- [What to work on] Reproduce exactly the opening lines of the listing, stopping after the line that contains "Tree Beach Towel" and including it.

- [Data records]
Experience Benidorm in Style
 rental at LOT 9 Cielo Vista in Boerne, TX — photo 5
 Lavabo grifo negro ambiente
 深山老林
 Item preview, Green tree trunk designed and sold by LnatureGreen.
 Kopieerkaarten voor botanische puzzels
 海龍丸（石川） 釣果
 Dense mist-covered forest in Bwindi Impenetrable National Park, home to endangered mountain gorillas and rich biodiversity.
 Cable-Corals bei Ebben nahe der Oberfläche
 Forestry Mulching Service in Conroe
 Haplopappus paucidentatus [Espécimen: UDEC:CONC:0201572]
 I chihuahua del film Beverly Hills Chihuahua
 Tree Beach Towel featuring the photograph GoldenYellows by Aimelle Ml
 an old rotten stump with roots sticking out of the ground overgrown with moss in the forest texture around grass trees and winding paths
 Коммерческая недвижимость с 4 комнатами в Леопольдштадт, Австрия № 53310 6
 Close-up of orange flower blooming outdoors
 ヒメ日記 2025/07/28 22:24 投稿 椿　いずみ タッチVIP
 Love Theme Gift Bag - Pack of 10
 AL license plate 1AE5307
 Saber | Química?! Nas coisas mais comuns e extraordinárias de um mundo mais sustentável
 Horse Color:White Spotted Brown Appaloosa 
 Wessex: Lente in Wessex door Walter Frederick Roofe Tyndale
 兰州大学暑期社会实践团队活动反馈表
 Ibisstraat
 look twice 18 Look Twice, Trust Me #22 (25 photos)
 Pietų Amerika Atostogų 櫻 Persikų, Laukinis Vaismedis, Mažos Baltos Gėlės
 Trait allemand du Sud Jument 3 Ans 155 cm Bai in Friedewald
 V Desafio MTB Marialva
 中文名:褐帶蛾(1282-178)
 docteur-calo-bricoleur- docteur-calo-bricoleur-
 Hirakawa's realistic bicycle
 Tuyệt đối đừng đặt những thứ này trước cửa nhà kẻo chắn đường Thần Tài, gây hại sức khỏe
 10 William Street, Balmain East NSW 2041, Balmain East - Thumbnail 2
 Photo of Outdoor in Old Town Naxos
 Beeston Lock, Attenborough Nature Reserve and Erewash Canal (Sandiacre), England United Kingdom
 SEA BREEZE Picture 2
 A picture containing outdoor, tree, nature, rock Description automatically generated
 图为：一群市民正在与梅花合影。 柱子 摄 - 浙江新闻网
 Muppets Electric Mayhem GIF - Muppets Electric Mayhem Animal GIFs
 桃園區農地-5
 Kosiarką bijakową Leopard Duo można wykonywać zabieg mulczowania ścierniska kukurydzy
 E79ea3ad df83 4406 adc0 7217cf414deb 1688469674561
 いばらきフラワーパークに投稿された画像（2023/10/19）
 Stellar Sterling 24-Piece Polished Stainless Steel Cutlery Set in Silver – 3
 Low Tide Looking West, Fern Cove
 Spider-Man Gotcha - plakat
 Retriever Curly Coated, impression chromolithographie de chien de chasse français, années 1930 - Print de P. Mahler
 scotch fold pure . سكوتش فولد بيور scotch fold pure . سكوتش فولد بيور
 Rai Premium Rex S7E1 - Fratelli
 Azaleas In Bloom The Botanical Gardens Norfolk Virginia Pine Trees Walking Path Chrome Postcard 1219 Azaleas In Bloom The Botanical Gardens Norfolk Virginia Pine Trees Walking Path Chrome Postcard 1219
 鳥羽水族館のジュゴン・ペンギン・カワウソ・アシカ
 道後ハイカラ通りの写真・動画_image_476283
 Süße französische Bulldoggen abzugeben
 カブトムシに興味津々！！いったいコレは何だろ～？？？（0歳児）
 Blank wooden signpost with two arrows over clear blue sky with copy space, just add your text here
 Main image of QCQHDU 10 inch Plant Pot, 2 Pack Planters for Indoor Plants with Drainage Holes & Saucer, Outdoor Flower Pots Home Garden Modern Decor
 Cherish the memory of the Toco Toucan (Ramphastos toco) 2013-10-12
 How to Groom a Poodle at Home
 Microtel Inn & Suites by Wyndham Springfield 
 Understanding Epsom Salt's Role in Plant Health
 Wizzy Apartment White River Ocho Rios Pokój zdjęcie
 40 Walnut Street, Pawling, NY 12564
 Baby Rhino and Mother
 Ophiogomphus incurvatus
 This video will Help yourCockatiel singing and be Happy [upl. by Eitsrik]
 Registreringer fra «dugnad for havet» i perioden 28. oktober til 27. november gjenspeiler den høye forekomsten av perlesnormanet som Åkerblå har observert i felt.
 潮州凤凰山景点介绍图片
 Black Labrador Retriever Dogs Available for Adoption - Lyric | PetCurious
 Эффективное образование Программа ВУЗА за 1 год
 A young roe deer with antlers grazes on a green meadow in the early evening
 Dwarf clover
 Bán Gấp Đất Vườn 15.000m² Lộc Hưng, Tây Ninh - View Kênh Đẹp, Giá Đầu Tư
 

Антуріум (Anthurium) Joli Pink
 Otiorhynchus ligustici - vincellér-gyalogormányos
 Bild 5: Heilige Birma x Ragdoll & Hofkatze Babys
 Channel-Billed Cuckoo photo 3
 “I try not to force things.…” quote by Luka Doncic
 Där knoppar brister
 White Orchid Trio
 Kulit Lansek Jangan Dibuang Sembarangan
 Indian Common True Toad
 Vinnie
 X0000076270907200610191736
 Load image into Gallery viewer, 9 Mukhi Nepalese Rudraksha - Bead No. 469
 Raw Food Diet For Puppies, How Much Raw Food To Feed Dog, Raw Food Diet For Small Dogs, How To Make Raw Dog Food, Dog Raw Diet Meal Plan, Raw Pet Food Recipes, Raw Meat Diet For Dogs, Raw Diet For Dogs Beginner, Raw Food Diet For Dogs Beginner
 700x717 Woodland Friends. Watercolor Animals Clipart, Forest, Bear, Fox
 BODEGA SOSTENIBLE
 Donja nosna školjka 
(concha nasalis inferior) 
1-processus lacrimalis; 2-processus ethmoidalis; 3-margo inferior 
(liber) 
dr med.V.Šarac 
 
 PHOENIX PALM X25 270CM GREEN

- [Result below]
Experience Benidorm in Style
 rental at LOT 9 Cielo Vista in Boerne, TX — photo 5
 Lavabo grifo negro ambiente
 深山老林
 Item preview, Green tree trunk designed and sold by LnatureGreen.
 Kopieerkaarten voor botanische puzzels
 海龍丸（石川） 釣果
 Dense mist-covered forest in Bwindi Impenetrable National Park, home to endangered mountain gorillas and rich biodiversity.
 Cable-Corals bei Ebben nahe der Oberfläche
 Forestry Mulching Service in Conroe
 Haplopappus paucidentatus [Espécimen: UDEC:CONC:0201572]
 I chihuahua del film Beverly Hills Chihuahua
 Tree Beach Towel featuring the photograph GoldenYellows by Aimelle Ml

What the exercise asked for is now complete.